DESCRIPTION OF THE TASK: Omitting all images, output the entries that follow exactly as written.

MATERIAL PROVIDED:

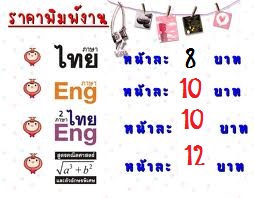 รับพิมพ์งานราคาถูก พิมพ์ด่วน พิมพ์ไวมาก รูปที่ 2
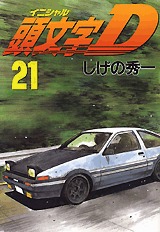 couverture, jaquette Initial D 21  (Kodansha) Manga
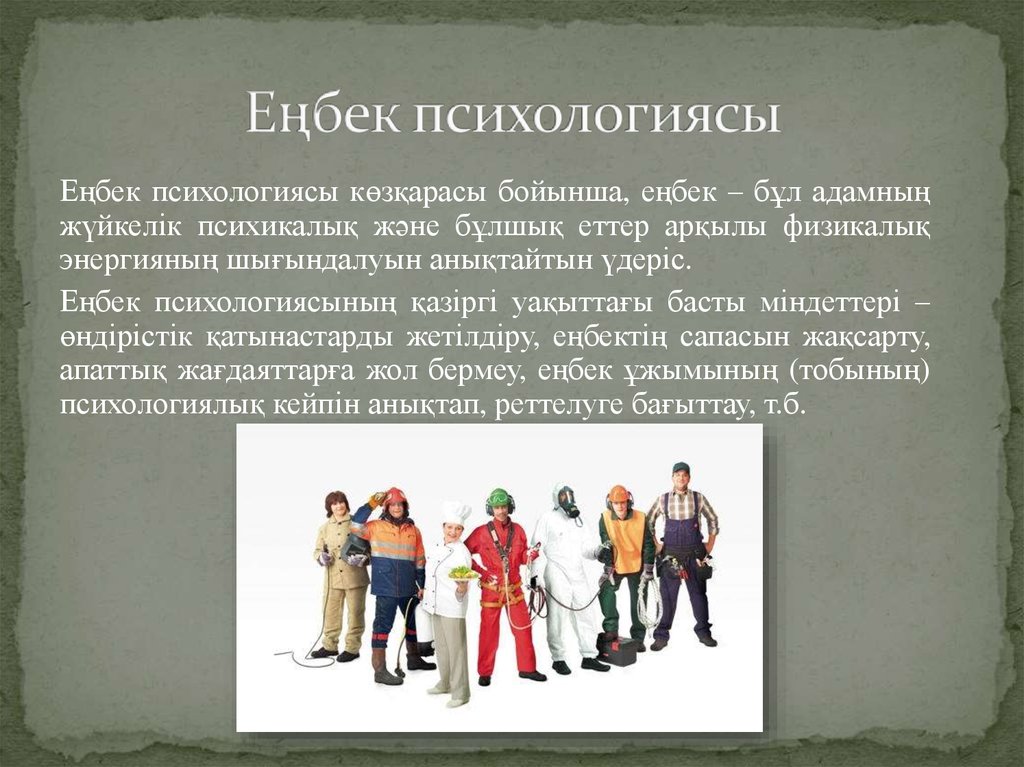 Тұлға психологиясы презентация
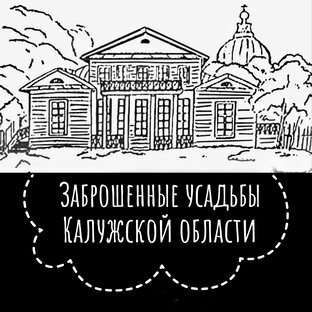 Усадьбы Калужской обл.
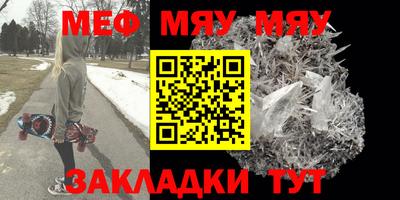 альфа пвп VHQ Кингисепп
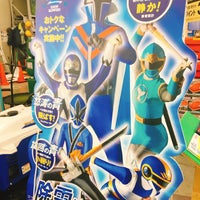 コメリパワー 小千谷店 107 Ziyaretci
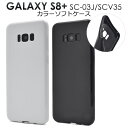 スマホケース Galaxy S8+ SC-03J / SCV35 カバー ケース ギャラクシーs8プラス ソフトケース スマホカバー docomo au ドコモ...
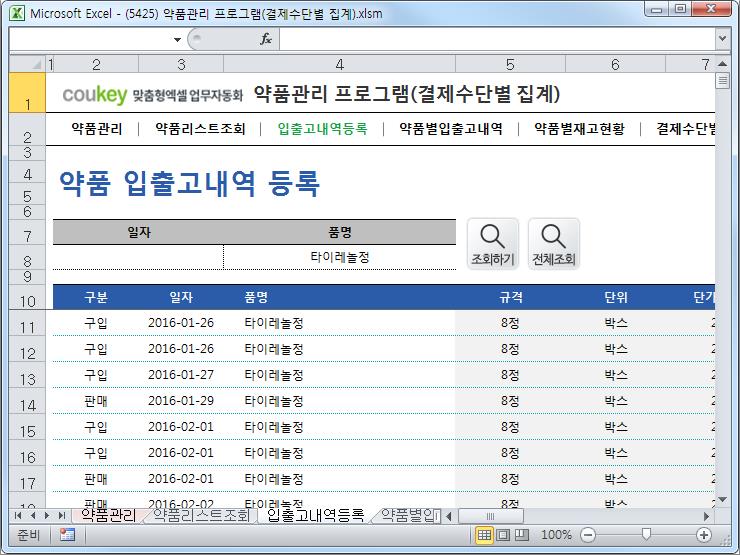 약품관리 업무자동화 프로그램 (결제수단별 집계) 약품관리 업무자동화 프로그램 (결제수단별 집계)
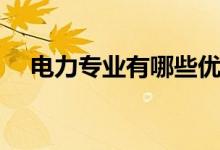电力专业有哪些优势（电力专业有哪些）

RESULT FOR THIS TASK:
 รับพิมพ์งานราคาถูก พิมพ์ด่วน พิมพ์ไวมาก รูปที่ 2
 couverture, jaquette Initial D 21  (Kodansha) Manga
 Тұлға психологиясы презентация
 Усадьбы Калужской обл.
 альфа пвп VHQ Кингисепп
 コメリパワー 小千谷店 107 Ziyaretci
 スマホケース Galaxy S8+ SC-03J / SCV35 カバー ケース ギャラクシーs8プラス ソフトケース スマホカバー docomo au ドコモ...
 약품관리 업무자동화 프로그램 (결제수단별 집계) 약품관리 업무자동화 프로그램 (결제수단별 집계)
电力专业有哪些优势（电力专业有哪些）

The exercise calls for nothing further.